Business Support for Climate Treaty in Kyoto

European Business Council for a Sustainable Energy Future (e5)

Side Event
at the occasion of the
the UN-Climate Negotiations in Bonn (AGBM 8)

28 October 1997
19:00 – 20:00 / Seminarraum I

On this side events three organisations – the European Business Council for a Sustainable Energy Future, the U.S. Business Council for Sustainable Energy and the International Cogeneration Alliance – expressed their support for

  • a first legally binding greenhouse gas target in 2005
  • a clear greenhouse gas reduction target in 2010
  • introduction of emission trading mechanisms and Joint Implementation
  • harmonisation of emission and efficiency standards.

Presentations highlighted technologies that will be stimulated by a Kyoto Protocol: much more efficient use of energy in power generation and transportation as well as renewables.

Mark Schroeder, Enron Corp., a leading US and Europe based energy trading and services company, stressed the need to integrate the liberalisation of energy markets and the climate protection policy.

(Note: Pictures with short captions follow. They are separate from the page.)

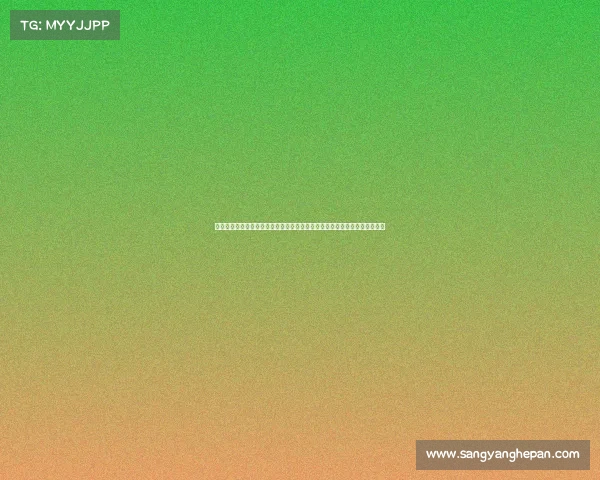 滕哈赫执教勒沃库森短暂失利的全景分析：从训练方法到转会决策的全面崩溃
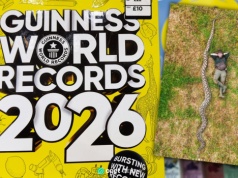 To najdłuższy wąż na świecie. Trafił do Księgi Rekordów Guinnessa 2026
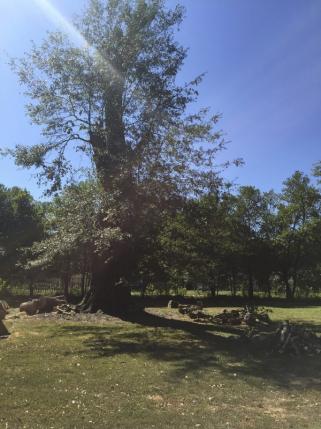 Beloved oak tree at Helen Keller's childhood home in Alabama cut down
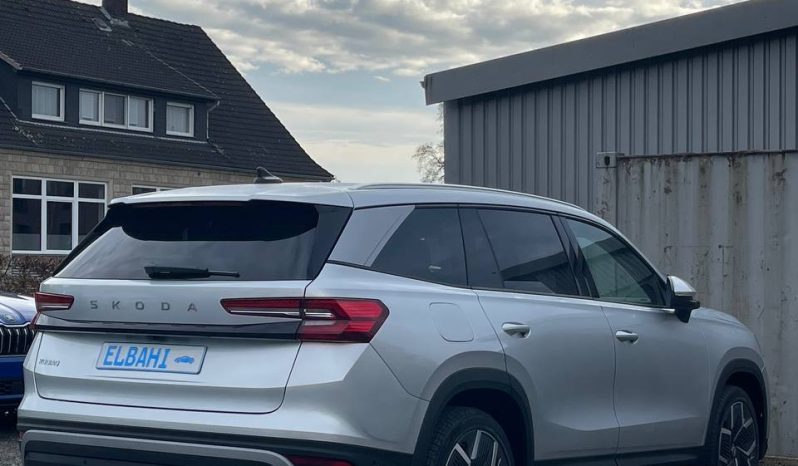 
								Kodiaq silver full									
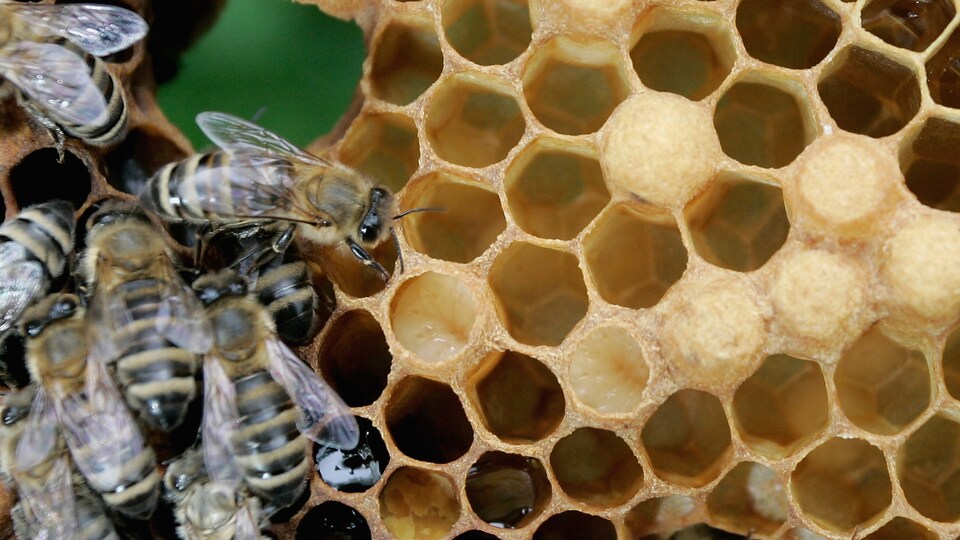 Des abeilles remplissent des alvéoles.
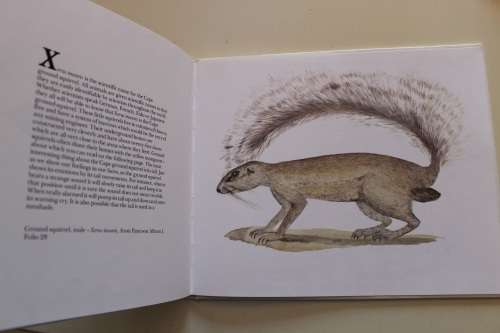 Africana Animals - Nicol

This would improve not only the economic efficiency but also the carbon efficiency:“Well designed energy regulation will not damage the economy and give better price signals to the marketplace than detailed emission regulation.“

Joachim Benemann, Pilkington Solar, showed that the solar themal electricity generation has improved to a competitive position in the commercial power production market. Specifically in the geographical sunbelt of the earth, where a strong growth of energy demand is expected, solar thermal power plants can play an important role in the future electricity generation. „Environment-oriented governmental policies and financial support for market development are now needed to maintain the momentum of this innovation. The financial gap between conventional and solar energy must be bridged.“

Johannes Ebner, Daimler Benz, described how fuel cells – in parallel to further improvement of conventional vehicles – can play a key role in significant reduction of emissions by transportation. He announced that Daimler Benz will start mass production of fuel cell cars in 2004/2005. The present higher price level of this technology is a business risk that should be overcome by worldwide harmonisation of framework conditions, like efficiency and emission standards. „A common voluntary action of the worldwide car industry to reach this harmonisation cannot be expected. We look to our respective governments to initiate the foundation in Kyoto.“

Michael Brown, Cogen Europe, the association for the promotion of cogeneration/combined heat and power, stressed the need for an early target in Kyoto. „Cogeneration, in particular with natural gas, is not only a climate friendly but now the most cost effective way into the energy future. We need the combination of liberalised energy markets and internalisation of the external costs.“ Brown also pointed out that for European Business there are not only Joint Implementation potentials in Eastern Europe, but also in the United States with their relatively low energy efficiency.